Le titre de cette autobiographie en bande dessinée fait référence à des cendres dispersées au bord d’une falaise donnant sur l’océan – le décor est posé. Il y a tellement de romans graphiques autobiographiques que c’est presque devenu un sous-genre de la bande dessinée, mais celle-ci est particulière. Tout d’abord elle n’est pas consacrée qu’à son auteur, le talentueux artiste Ludovic Debeurme, mais à sa famille sur plusieurs générations. Sa construction est si originale et fragmentaire qu’elle en devient invisible, on est transporté d’un endroit à un autre, d’une époque à une autre, le plus naturellement du monde comme si l’on suivait la pensée de l’auteur. Enfin, sur le plan graphique, elle est faite uniquement de dessins à l’encre et de textes manuscrits. Le tout est d’une élégance rare, les belles courbes vont du dessin au texte et le fils a certainement réussi à atteindre le rêve de son père qui était peintre.

Mon père avait une obsession pour les courbes.

Le prix à payer pour réussir un telle prouesse est de renoncer à toute pudeur. Il faut se mettre complètement à nu et tout raconter, les joies comme les peines, les réussites comme les échecs, les débuts comme les fins. Cet équilibre est parfaitement trouvé et balancé par cette narration onirique qui nous fait passer de moments très durs à des moments de pure grâce. Cette oeuvre semble à ce point personnelle qu’elle a dû tenir lieu de thérapie pour son auteur car il a, pour la réaliser, remué profondément son passé. Il parle aussi de son lien avec la nature. Initié par une mère écologiste précoce, il y revient à l’âge adulte, en quittant son statut de citadin pour celui de villageois et plus simplement d’habitant de la nature – un cheminement qui a une résonance particulière pour moi.

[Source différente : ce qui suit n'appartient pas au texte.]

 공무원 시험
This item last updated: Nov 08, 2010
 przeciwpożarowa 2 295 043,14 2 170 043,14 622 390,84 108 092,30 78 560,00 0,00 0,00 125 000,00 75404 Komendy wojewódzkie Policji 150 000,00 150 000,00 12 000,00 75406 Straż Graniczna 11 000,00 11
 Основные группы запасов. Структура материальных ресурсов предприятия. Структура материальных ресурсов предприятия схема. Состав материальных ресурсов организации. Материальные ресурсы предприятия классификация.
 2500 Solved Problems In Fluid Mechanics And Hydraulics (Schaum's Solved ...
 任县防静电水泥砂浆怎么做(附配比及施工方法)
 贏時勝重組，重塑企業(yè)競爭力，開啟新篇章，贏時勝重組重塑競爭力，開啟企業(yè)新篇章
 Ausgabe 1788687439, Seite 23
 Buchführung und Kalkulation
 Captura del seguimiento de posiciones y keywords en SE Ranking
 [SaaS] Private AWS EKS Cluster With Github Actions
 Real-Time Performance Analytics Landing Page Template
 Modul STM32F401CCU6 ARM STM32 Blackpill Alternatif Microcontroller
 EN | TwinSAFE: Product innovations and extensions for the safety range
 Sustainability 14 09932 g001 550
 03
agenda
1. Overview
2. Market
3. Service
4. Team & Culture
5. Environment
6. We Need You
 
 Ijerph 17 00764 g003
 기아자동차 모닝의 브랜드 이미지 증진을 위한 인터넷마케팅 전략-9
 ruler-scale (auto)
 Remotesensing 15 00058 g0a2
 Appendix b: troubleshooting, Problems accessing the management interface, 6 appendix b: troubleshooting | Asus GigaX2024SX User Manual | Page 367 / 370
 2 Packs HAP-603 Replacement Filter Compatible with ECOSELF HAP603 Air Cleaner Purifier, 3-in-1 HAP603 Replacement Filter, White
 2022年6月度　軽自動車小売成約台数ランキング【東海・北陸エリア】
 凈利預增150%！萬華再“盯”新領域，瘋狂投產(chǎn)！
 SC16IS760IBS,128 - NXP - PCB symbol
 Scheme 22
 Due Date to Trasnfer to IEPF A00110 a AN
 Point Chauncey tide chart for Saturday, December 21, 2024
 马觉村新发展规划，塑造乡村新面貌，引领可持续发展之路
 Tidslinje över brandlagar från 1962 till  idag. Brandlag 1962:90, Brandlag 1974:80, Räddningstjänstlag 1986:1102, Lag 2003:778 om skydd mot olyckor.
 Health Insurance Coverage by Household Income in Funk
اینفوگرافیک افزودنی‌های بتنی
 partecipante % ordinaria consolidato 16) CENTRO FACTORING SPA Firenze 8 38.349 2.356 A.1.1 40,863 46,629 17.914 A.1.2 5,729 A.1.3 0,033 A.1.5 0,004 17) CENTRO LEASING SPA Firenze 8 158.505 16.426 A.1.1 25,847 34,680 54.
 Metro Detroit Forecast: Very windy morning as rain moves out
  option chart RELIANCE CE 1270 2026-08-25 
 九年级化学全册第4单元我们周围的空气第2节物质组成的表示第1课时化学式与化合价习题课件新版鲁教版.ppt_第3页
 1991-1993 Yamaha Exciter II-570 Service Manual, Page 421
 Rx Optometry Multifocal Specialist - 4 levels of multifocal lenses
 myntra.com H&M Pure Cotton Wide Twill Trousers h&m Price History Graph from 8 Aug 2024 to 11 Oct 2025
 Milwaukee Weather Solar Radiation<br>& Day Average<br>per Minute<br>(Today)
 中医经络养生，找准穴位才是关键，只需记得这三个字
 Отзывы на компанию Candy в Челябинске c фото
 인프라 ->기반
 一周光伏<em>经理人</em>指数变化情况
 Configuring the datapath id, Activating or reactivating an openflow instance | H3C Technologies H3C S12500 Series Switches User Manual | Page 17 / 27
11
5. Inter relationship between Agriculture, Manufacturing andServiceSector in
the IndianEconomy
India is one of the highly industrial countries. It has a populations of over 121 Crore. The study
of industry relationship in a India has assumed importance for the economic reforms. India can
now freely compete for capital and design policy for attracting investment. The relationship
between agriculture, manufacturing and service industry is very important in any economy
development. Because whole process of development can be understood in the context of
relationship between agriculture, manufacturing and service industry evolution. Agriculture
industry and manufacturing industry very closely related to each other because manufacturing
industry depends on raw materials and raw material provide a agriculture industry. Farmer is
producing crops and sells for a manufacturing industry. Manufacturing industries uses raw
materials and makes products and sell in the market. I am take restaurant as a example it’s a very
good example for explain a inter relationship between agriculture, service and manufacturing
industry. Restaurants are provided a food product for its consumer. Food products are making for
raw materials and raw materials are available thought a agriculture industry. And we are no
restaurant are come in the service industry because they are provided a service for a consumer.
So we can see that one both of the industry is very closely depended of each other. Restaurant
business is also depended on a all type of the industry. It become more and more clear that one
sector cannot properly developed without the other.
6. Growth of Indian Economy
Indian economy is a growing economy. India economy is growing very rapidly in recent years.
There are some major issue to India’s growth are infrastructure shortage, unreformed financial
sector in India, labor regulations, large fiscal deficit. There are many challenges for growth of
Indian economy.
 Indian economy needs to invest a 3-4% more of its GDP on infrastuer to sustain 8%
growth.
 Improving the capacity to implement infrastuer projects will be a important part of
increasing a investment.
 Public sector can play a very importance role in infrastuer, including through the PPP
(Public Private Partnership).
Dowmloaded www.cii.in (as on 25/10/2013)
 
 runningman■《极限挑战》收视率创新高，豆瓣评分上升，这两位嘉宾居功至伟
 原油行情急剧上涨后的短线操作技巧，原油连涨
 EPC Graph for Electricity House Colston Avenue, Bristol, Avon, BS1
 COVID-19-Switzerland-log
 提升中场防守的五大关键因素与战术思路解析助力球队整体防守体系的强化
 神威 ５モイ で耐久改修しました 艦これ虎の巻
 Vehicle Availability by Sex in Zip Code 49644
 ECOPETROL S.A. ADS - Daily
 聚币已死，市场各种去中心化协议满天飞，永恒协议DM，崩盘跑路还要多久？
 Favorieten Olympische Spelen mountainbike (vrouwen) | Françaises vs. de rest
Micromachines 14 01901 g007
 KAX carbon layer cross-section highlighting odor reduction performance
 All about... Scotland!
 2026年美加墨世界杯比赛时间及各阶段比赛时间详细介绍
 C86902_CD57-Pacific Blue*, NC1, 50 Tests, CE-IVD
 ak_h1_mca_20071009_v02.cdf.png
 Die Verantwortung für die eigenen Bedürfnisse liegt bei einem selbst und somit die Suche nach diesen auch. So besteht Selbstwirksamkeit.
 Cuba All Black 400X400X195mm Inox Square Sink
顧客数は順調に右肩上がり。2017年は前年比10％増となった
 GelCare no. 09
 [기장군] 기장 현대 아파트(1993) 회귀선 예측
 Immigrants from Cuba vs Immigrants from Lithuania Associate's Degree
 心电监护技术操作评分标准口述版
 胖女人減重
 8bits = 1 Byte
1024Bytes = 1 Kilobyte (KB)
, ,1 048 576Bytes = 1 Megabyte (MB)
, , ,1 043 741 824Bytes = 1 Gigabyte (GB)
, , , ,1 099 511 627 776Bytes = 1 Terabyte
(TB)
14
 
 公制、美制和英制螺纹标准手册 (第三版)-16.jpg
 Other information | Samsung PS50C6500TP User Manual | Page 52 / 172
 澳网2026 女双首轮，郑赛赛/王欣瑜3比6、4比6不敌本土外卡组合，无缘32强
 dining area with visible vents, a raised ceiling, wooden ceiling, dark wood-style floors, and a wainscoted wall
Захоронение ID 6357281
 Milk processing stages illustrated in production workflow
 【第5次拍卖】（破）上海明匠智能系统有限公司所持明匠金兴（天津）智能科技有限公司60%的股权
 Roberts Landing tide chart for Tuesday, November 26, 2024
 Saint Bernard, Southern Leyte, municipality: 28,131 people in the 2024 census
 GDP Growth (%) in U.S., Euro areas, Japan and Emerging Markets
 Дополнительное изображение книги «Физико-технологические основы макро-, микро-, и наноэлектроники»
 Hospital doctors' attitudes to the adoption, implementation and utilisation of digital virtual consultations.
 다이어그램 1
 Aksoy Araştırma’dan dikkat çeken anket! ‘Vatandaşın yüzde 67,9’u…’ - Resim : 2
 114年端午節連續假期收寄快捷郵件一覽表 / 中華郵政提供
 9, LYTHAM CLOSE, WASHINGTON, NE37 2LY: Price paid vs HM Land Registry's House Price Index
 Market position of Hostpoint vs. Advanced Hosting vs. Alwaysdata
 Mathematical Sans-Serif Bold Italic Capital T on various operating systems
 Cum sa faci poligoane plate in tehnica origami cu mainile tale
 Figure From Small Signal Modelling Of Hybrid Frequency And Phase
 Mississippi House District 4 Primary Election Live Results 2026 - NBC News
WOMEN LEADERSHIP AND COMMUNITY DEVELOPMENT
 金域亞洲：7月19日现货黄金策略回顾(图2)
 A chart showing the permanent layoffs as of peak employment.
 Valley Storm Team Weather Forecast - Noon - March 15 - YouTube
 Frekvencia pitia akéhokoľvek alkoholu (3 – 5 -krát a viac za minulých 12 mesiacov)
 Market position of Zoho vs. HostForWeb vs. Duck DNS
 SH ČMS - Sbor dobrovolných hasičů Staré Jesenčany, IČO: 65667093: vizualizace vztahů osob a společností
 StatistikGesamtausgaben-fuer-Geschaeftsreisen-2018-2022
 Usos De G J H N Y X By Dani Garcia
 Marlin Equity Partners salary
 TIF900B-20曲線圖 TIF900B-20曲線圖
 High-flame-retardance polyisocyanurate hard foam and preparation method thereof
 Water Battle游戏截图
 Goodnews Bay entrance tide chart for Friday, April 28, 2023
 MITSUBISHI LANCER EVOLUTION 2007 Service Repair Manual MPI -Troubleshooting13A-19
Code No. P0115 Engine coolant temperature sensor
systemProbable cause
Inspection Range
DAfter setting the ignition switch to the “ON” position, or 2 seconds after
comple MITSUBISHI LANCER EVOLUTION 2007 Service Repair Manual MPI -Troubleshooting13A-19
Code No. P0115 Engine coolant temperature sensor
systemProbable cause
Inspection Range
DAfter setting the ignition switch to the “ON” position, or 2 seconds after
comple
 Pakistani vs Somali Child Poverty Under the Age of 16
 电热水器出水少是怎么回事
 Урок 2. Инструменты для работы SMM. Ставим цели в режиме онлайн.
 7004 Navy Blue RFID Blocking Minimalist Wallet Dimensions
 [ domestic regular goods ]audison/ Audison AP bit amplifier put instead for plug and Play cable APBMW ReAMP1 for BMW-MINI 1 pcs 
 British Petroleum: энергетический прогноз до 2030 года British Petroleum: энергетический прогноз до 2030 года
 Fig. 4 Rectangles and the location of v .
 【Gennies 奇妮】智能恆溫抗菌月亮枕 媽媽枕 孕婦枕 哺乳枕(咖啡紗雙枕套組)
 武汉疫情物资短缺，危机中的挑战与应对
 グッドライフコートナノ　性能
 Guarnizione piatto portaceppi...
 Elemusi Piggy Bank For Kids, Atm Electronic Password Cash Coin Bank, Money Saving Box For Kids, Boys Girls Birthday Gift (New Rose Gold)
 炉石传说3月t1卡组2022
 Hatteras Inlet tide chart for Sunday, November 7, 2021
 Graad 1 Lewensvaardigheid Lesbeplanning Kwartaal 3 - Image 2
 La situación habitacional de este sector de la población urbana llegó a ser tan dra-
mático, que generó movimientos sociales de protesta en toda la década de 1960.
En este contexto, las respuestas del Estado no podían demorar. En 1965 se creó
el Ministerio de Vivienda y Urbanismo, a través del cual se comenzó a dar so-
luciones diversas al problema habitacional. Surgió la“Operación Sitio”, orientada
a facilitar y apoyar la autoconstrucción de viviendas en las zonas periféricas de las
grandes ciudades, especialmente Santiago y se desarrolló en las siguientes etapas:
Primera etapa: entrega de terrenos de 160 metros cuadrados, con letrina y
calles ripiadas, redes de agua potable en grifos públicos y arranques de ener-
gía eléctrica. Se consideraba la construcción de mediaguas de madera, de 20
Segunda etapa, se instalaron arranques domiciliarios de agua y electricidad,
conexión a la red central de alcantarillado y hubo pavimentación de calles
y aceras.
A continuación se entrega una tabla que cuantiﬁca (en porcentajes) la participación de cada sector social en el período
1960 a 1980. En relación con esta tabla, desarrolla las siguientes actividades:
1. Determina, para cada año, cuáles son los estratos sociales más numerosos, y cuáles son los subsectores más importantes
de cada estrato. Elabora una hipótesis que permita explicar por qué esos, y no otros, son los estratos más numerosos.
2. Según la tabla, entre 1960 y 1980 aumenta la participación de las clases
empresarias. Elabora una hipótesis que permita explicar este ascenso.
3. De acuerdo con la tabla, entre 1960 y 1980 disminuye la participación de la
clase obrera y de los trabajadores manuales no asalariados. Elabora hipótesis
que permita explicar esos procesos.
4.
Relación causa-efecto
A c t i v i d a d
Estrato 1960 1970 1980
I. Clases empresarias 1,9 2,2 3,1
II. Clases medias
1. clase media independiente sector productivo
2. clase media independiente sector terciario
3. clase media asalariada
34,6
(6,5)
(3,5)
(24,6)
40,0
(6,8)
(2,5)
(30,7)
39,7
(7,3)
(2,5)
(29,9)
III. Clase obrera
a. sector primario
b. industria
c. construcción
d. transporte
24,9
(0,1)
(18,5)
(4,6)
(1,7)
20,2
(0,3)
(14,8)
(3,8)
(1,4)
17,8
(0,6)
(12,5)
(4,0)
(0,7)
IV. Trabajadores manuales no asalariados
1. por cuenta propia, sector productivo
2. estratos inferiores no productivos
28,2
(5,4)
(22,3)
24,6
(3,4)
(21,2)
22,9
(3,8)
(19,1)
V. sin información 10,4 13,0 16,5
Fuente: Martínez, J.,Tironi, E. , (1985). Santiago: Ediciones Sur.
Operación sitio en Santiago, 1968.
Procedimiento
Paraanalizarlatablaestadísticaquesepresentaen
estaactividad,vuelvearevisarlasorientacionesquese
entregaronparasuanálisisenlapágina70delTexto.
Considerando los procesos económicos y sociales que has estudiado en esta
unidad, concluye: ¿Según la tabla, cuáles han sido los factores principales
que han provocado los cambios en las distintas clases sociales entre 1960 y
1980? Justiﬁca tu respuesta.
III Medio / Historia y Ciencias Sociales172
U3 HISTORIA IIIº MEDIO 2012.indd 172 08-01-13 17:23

Les villes, d’une certaine façon, redeviendront des villages. Les villages redeviendront des lieux de vie. Et je l’espère, les frontières avec la nature seront devenues si floues que nous en serons les habitants.

J’ai rarement lu quelque chose d’aussi beau, poétique et émouvant. J’y ai pensé longtemps après ma lecture et je pense que je ne l’oublierai pas. En prime, j’ai découvert un grand artiste dont je lirai certainement d’autres oeuvres.

P.-S.: Un grand merci à mes deux amis, Gilles et Lionel, pour ce merveilleux présent.


Ludovic Debeurme. La cendre et l’écume. Cornélius, 2022.